Eğer bu konuda böyle proaktif davranmasaydı bu dönemden çok daha zor
geçilirdi halbuki yumuşak bir şekilde geçtik. Buradaki üst düzey yöneticiler
hem tecrübeli hem de bilgileri yüksek. Büyümeyi ve genişlemeyi düşünüyorlar
ama gereksiz risk almayacak kadar da akıllılar. Sonuçta dünya ekonomisi
bugün olmazsa yarın düzelecek. Ben Türkiye'de banka hissesi sahibi olsam bu
sektörden çıkmam. Fiyatlar yeniden eski zirvelerine gelecek" dedi.
Türkler her gün
Harrods'da yiyor
Cumartesi günleri Ortaköy'de balıkçısından balık alan, Beşiktaş pazarından
alışveriş yapan Steve Bideshi, domatesin kokusunu, balığın bu kadar çeşidini
ülkesinde bile görmediğini söylediğinde ilk tepkimiz 'ama orası ada' oluyor.

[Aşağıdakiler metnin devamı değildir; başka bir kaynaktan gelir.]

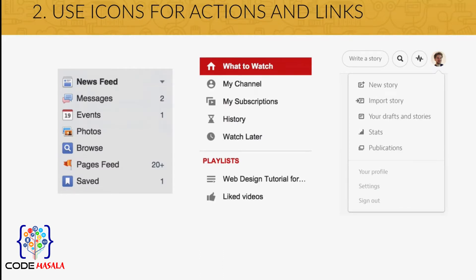Or instead of showing features, you can use icons for actions and links. Popular websites like Facebook or YouTube do exactly this, and I'm sure you see this all the time.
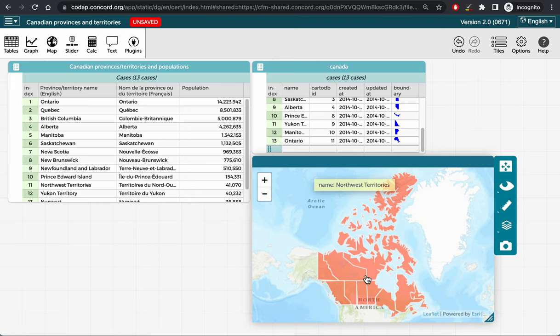Note that there are two tables in CodeApp now, one with my original population data on the left and another with the geographic data I imported from the GeoJSON file on the right.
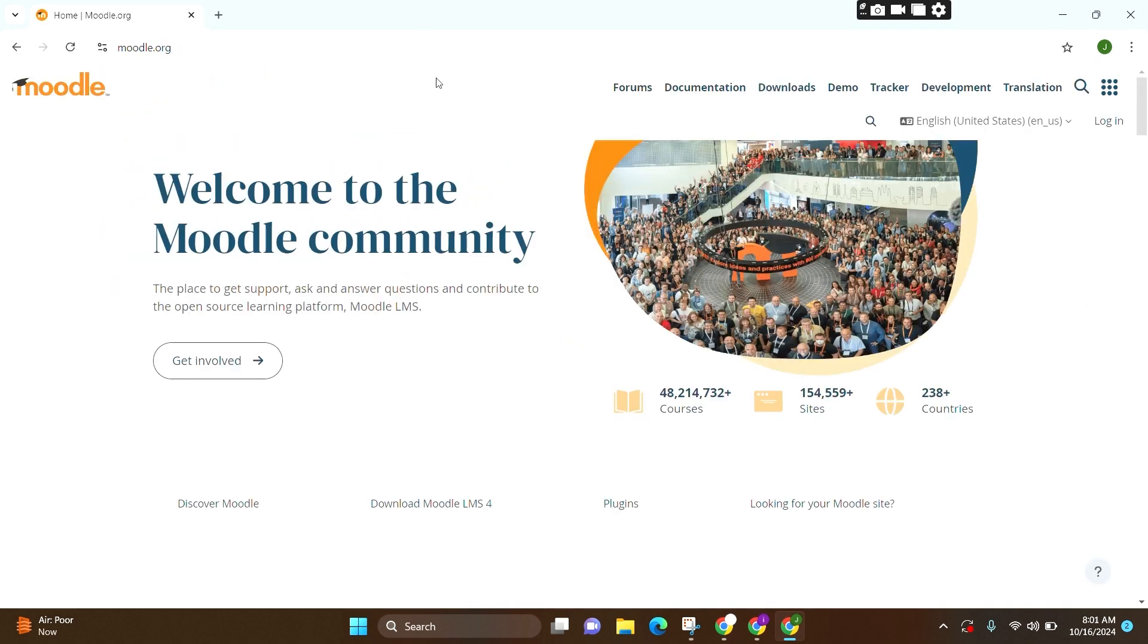You will now lead to this official page. And at the top right, you can see this login option. You can click on it.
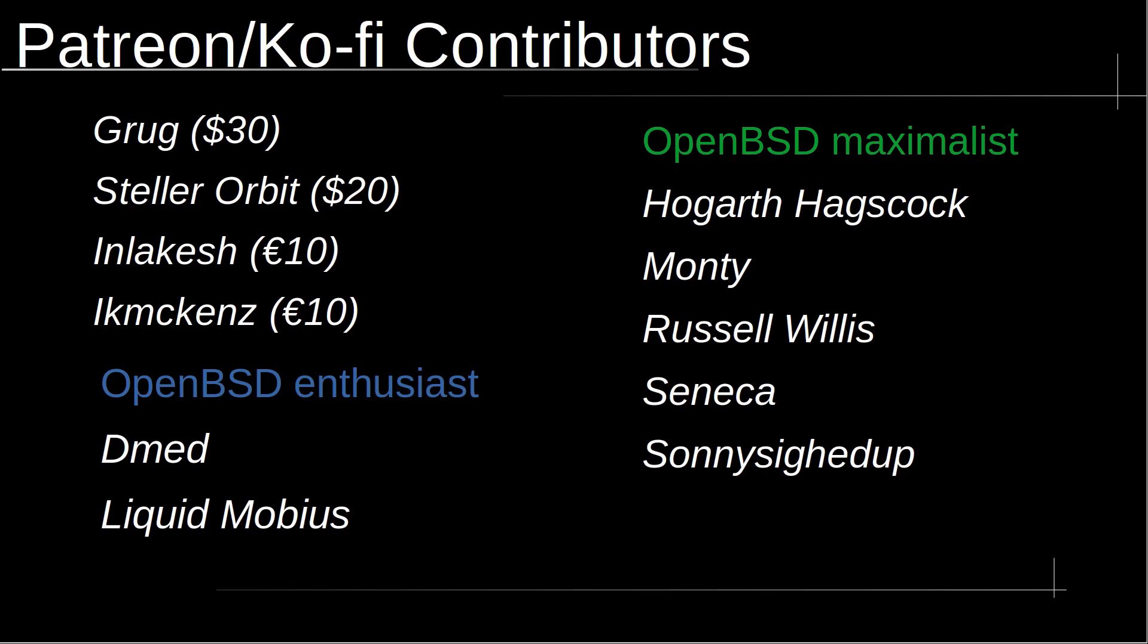I want to thank all of the amazing Patreon and Ko-fi supporters. Your generosity and support means the world to me and keeps me really motivated to continue creating content. Thanks again for your generosity and contribution.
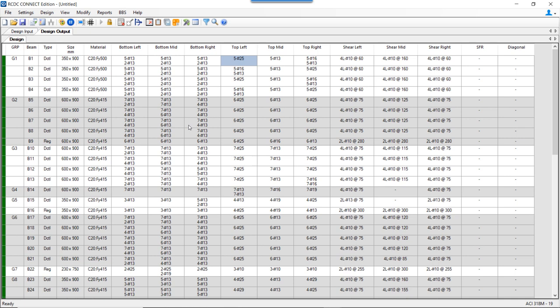So as per ACI 318M 2019, depending on the grade of steel, the column dimension is either divided by 20 for steel grades ≤420 or divided by 26 for steel grades >420. This additional clause has been implemented for ACI 318M 2019, whereas for all other codes it works as explained earlier. Thank you.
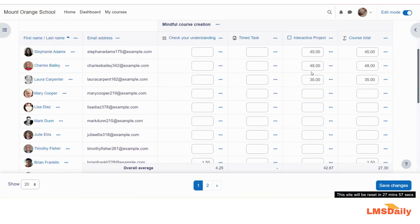You can now see that the grades for this specific activity have been added to the gradebook. This is how you can add a manual graded item in your Moodle course and use it to carry grades for offline activities like project work or other assignments carried out in the real world, not in the online classroom. Thank you very much for watching — if you like this video, please subscribe and press the bell icon so I can create more engaging content for you.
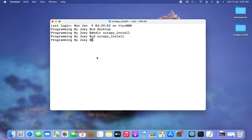Now let's create the virtual environment. Before we do that, let me tell you that you can only create a virtual environment if you have Python already installed on your machine. If you don't have it installed, don't worry — you can install it very easily by watching the video linked in the i-button.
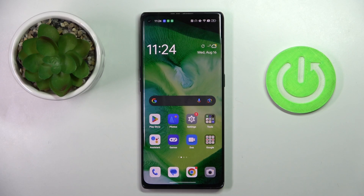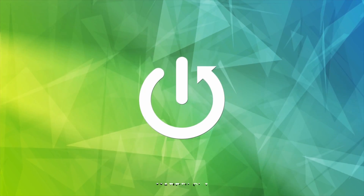Morning guys, in front of me is the Oppo Find X3 Neo, and let me show you how to manage battery percentage in the status bar.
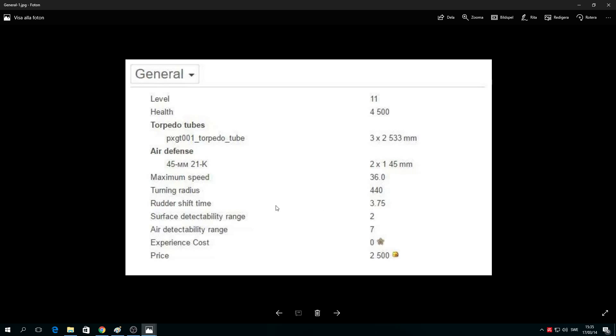And now the interesting part: detectability. You will get detected by another ship or another sub at two kilometers, anything on the surface at two kilometers, but by air at seven kilometers.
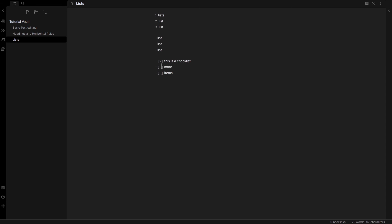So I can make these items done or completed in edit mode just by adding an X in here.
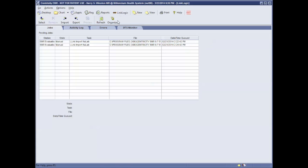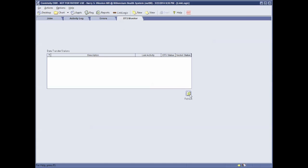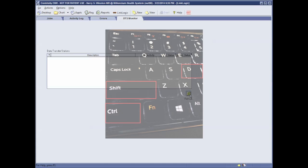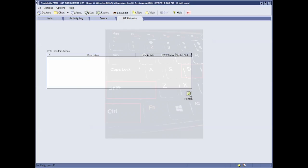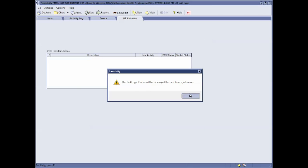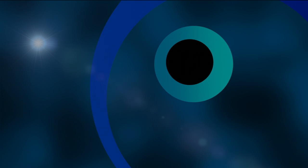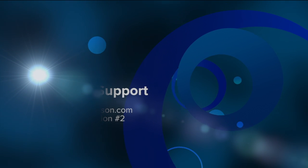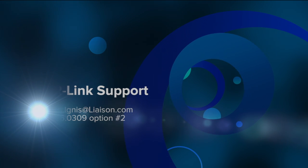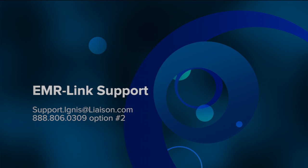The last step is to refresh your DTS. This will ensure that the LinkLogic recognizes your new cross-reference file. If you have any questions regarding this video or with completing your result mapping, please contact your EMR Link support team.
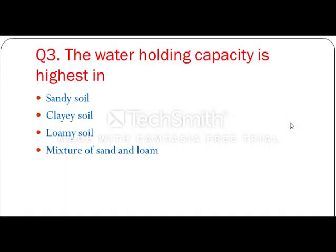The water holding capacity is highest in which soil? The water holding capacity is highest in clay soil.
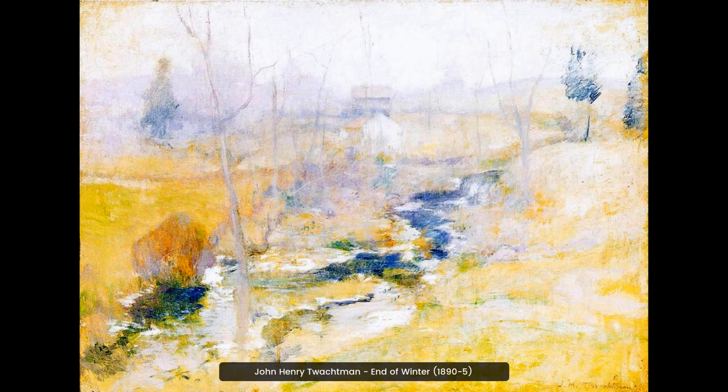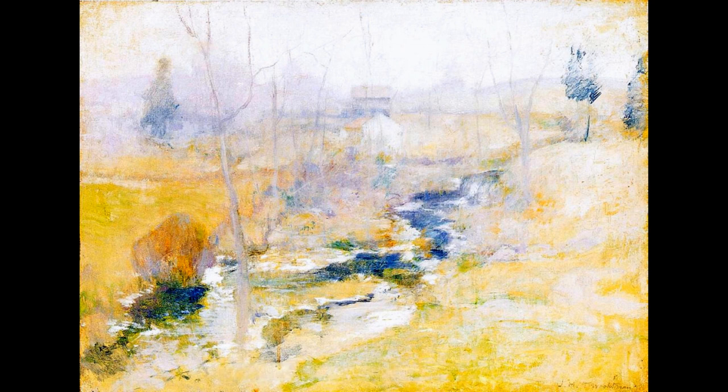John Henry Twachtman's painting End of Winter is a beautiful landscape of a snow-covered countryside. The painting is full of vibrant colors and an overall peaceful atmosphere, making it a great representation of the end of winter.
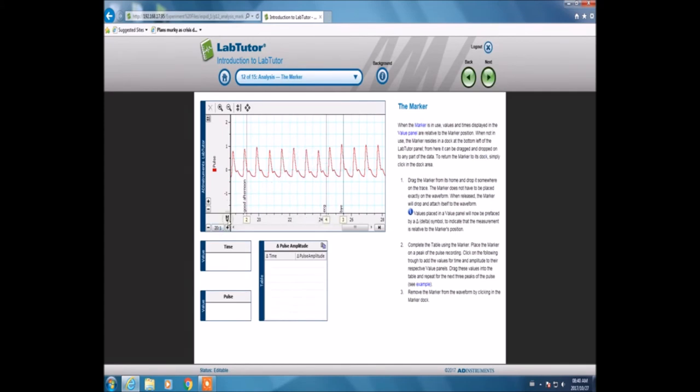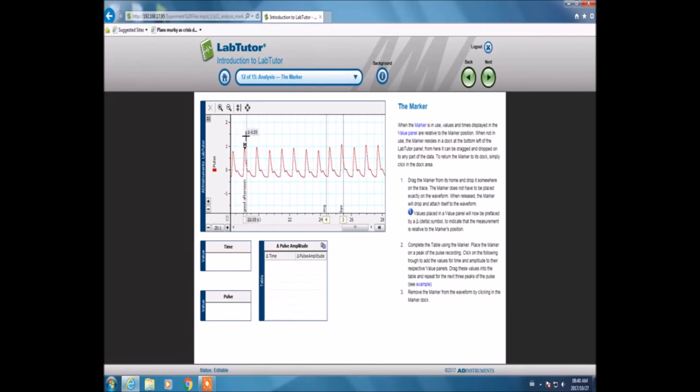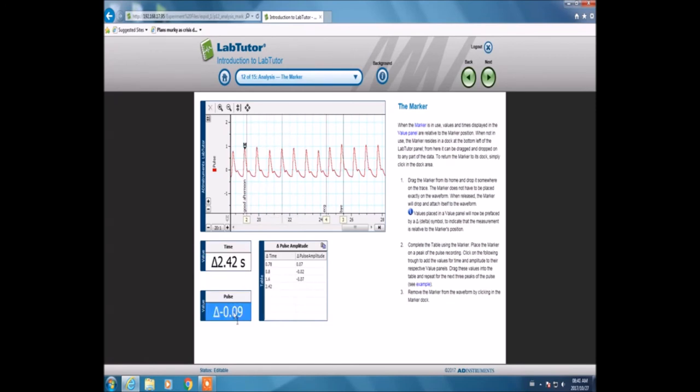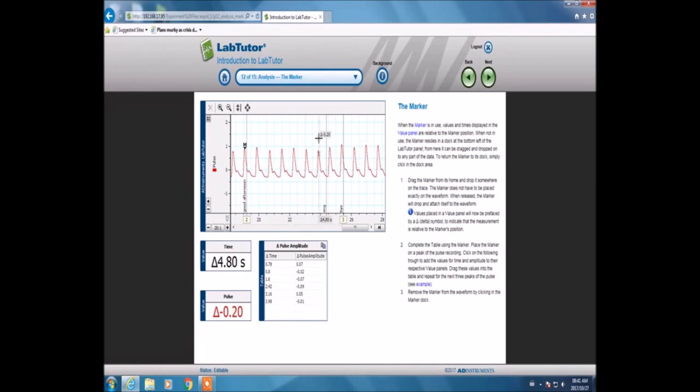Now we're going to use the marker, located in the bottom left corner. You can place the marker on top of any peak or anywhere on the graph, then calculate the difference in height and difference in time. Whatever point you select, the data given will be in reference to the marker point. Here we are calculating the delta according to time and delta according to pulse.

Bunun üzerine su sıcaklığından ötürü kıyılarda yaşayan balık cinsinin çok
sınırlı olduğunu anlatan Bideshi, "Trinidad & Tobago'da ya da New York'ta
herkese en güzel kuzu eti Türkiye'de diyorum. Buradaki balık çeşitliliğini
ancak Londra Harrods'da bulabilirsiniz" dedi.
Küçük oğluna
El Turco diyor
Tatillerde ama asıl önemlisi emekliliğinde Türkiye'ye geri gelmek istediğini
söyleyen Steve Bideshi'nin 2'si kız 4 çocuğu var. Bideshi'ler Türkiye'ye ilk
geldiklerinde en büyük çocukları 7 yaşındaymış. Aileye Türkiye'de katılan en
küçük Bideshi'nin lakabı ise El Turco. Bideshi, El Turco için Türkiye'ye
yatırım yapmak istediklerini ve onun bildiği tek evin burası olduğunu
belirterek bu bağın hiç kopmamasını istediklerini söyledi.